- PROBLEM DETAILS
Without the pictures, write out all the lines below exactly as they appear.

+--

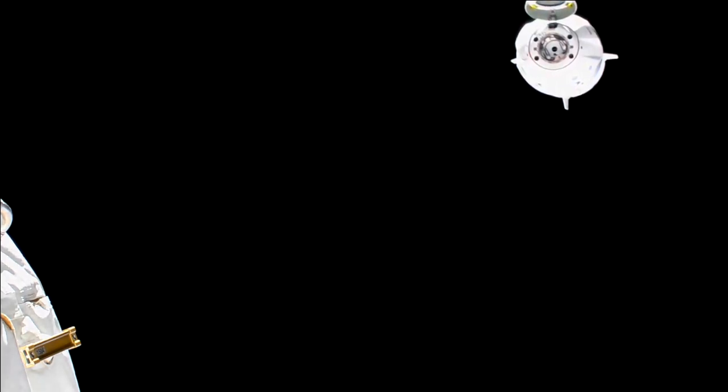The keep-out sphere is one of my favorite things — it's an imaginary sphere with a 200-meter radius in all directions. And that just governs, kind of like the approach ellipsoid which I explained earlier: before you're in the keep-out sphere, any maneuvers with the spacecraft have to be safe and not get inside within four orbits.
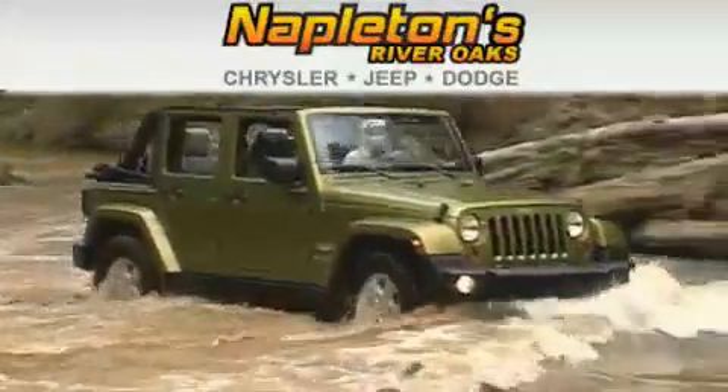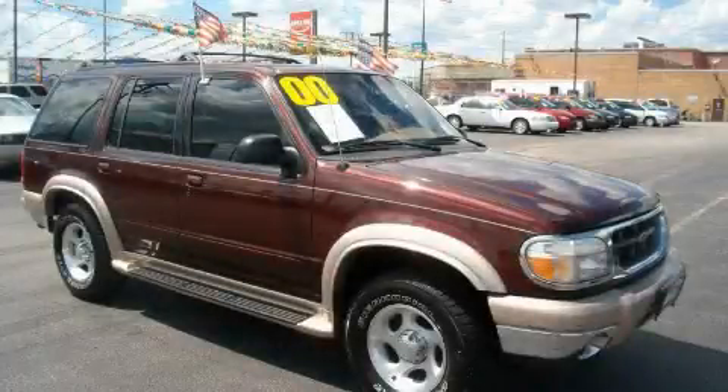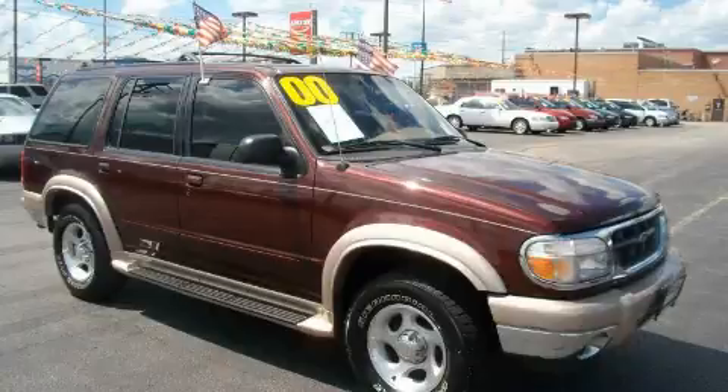Another fine vehicle offered by Napleton's River Oaks Chrysler Jeep Dodge. This is a 2000 Ford Explorer, a big SUV for big fun.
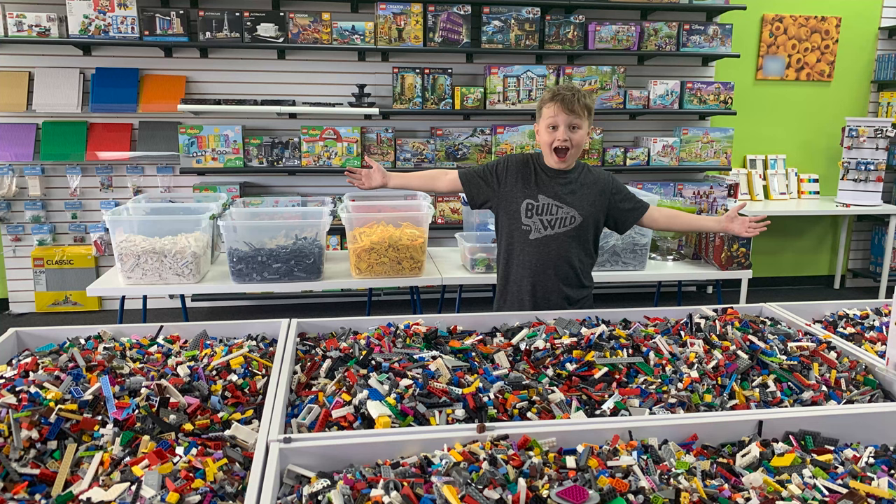Well, that's enough fun for one day! Now let's go to the Lego store! Have a good day everybody, bye!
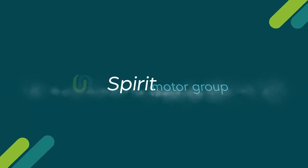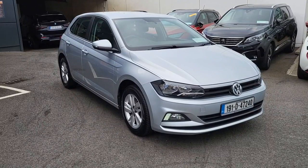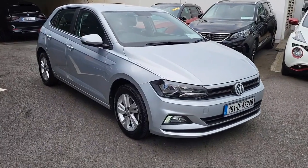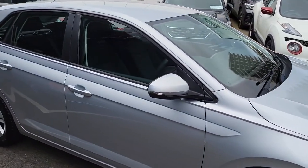Introducing the 2019 Volkswagen Polo TL 1.0 TSI M5F 95HP 5-door in sleek grey. This hatchback is not just stylish, but also packed with top-of-the-line features for your comfort and safety.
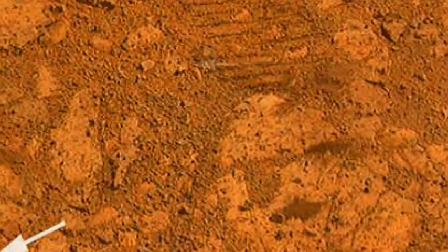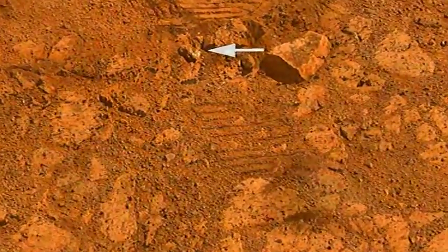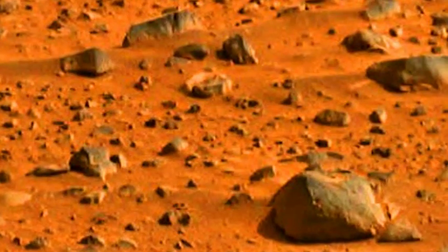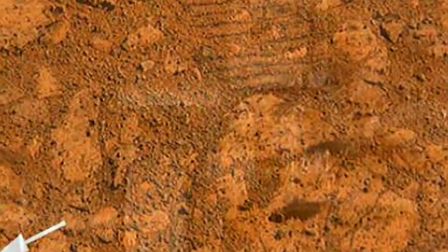The explanation is somewhat prosaic. The 4 centimeters wide, wide-rimmed, red-centered rock, dubbed Pinnacle Island, is a piece of a larger rock that was broken and moved by Opportunity's wheel in early January. Once we moved Opportunity a short distance after inspecting Pinnacle Island, we could see directly uphill an overturned rock that has the same unusual appearance, said Opportunity Deputy Principal Investigator Ray Arvidson of Washington University in St. Louis. We drove over it. We can see the track. That's where Pinnacle Island came from.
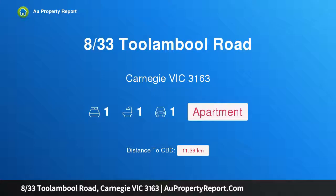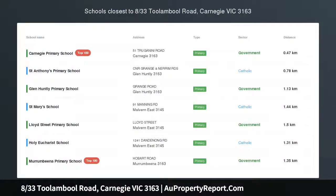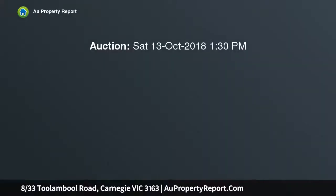Hi, I am glad to introduce Property 8, 33 Tullumbore Road, Carnegie, Victoria 3163. When size matters, this oversized first-floor single-bedroom apartment is instantly appealing. This is an ideal starter for a first-home buyer or astute investor.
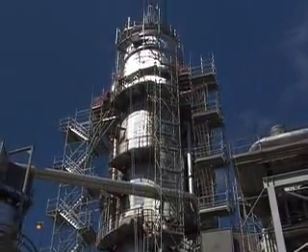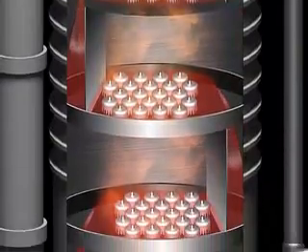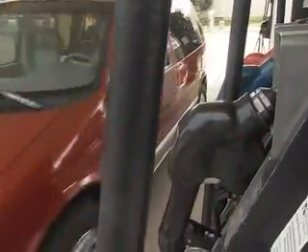Using an array of chemical tools, molecules are sorted, broken up, and recombined into the products the marketplace demands and consumers have come to expect.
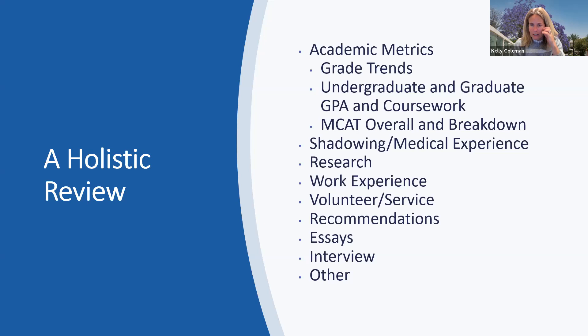Research is not a requirement, but many of our students have some research experience — basic bench research, public health research, or research in a different field like psychology. Some students are published as primary or co-authors on a paper, and some have had opportunities to present their research at conferences. Many of our students really show a genuine interest in research through what they've done before coming to medical school.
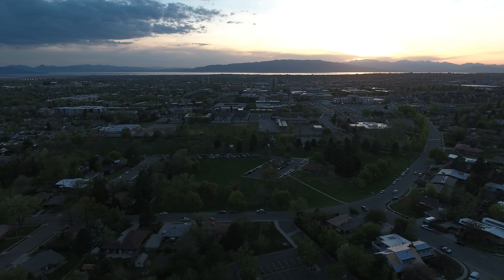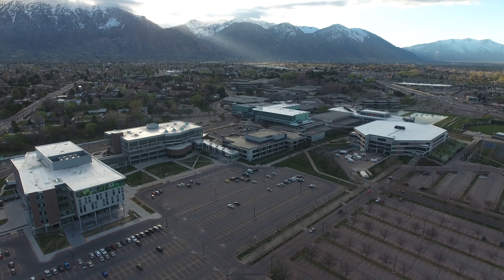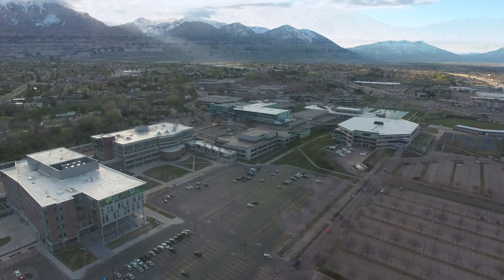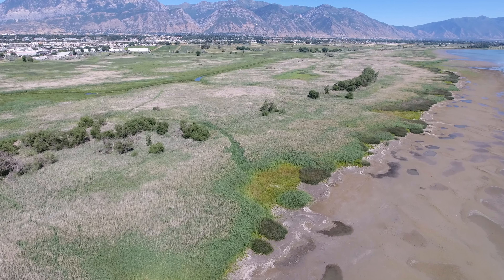Both BYU and UVU are located close by for research opportunities. There are plans to build the Utah Lakeshore Trail System with a trail connection to UVU and the Orem Intermodal Center. Associated Nature Center Boardwalk Trails could loop around wetland and lakeshore areas.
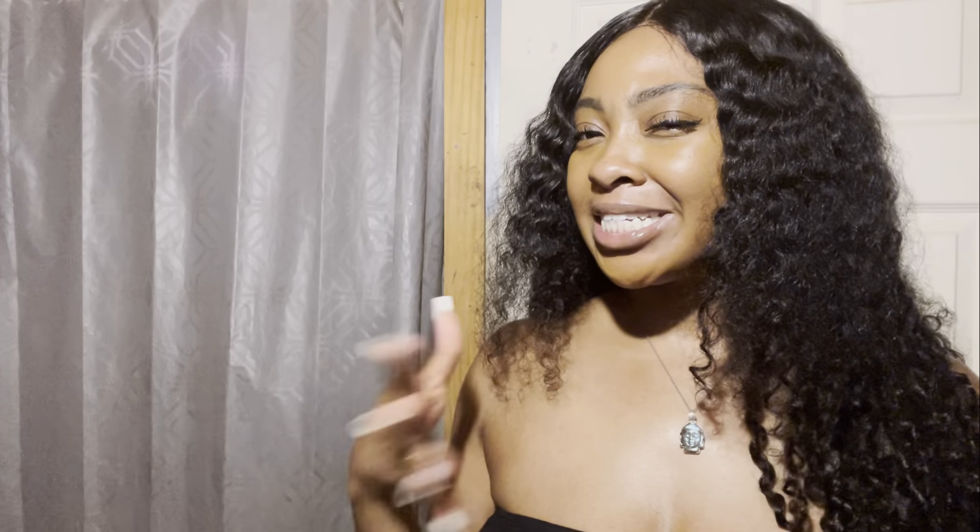What's up beautiful people, it's your girl Syd and y'all are tuned in to my YouTube channel, S-Files. I just wanted to hop on here real quick and make a very, very short hair review for this wig I recently purchased that I love.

+--

- RESULT FOR THIS EXERCISE
The keep-out sphere is one of my favorite things — it's an imaginary sphere with a 200-meter radius in all directions. And that just governs, kind of like the approach ellipsoid which I explained earlier: before you're in the keep-out sphere, any maneuvers with the spacecraft have to be safe and not get inside within four orbits.
Another fine vehicle offered by Napleton's River Oaks Chrysler Jeep Dodge. This is a 2000 Ford Explorer, a big SUV for big fun.
Well, that's enough fun for one day! Now let's go to the Lego store! Have a good day everybody, bye!
Introducing the 2019 Volkswagen Polo TL 1.0 TSI M5F 95HP 5-door in sleek grey. This hatchback is not just stylish, but also packed with top-of-the-line features for your comfort and safety.
The explanation is somewhat prosaic. The 4 centimeters wide, wide-rimmed, red-centered rock, dubbed Pinnacle Island, is a piece of a larger rock that was broken and moved by Opportunity's wheel in early January. Once we moved Opportunity a short distance after inspecting Pinnacle Island, we could see directly uphill an overturned rock that has the same unusual appearance, said Opportunity Deputy Principal Investigator Ray Arvidson of Washington University in St. Louis. We drove over it. We can see the track. That's where Pinnacle Island came from.
Hi, I am glad to introduce Property 8, 33 Tullumbore Road, Carnegie, Victoria 3163. When size matters, this oversized first-floor single-bedroom apartment is instantly appealing. This is an ideal starter for a first-home buyer or astute investor.
Using an array of chemical tools, molecules are sorted, broken up, and recombined into the products the marketplace demands and consumers have come to expect.
Research is not a requirement, but many of our students have some research experience — basic bench research, public health research, or research in a different field like psychology. Some students are published as primary or co-authors on a paper, and some have had opportunities to present their research at conferences. Many of our students really show a genuine interest in research through what they've done before coming to medical school.
Both BYU and UVU are located close by for research opportunities. There are plans to build the Utah Lakeshore Trail System with a trail connection to UVU and the Orem Intermodal Center. Associated Nature Center Boardwalk Trails could loop around wetland and lakeshore areas.
What's up beautiful people, it's your girl Syd and y'all are tuned in to my YouTube channel, S-Files. I just wanted to hop on here real quick and make a very, very short hair review for this wig I recently purchased that I love.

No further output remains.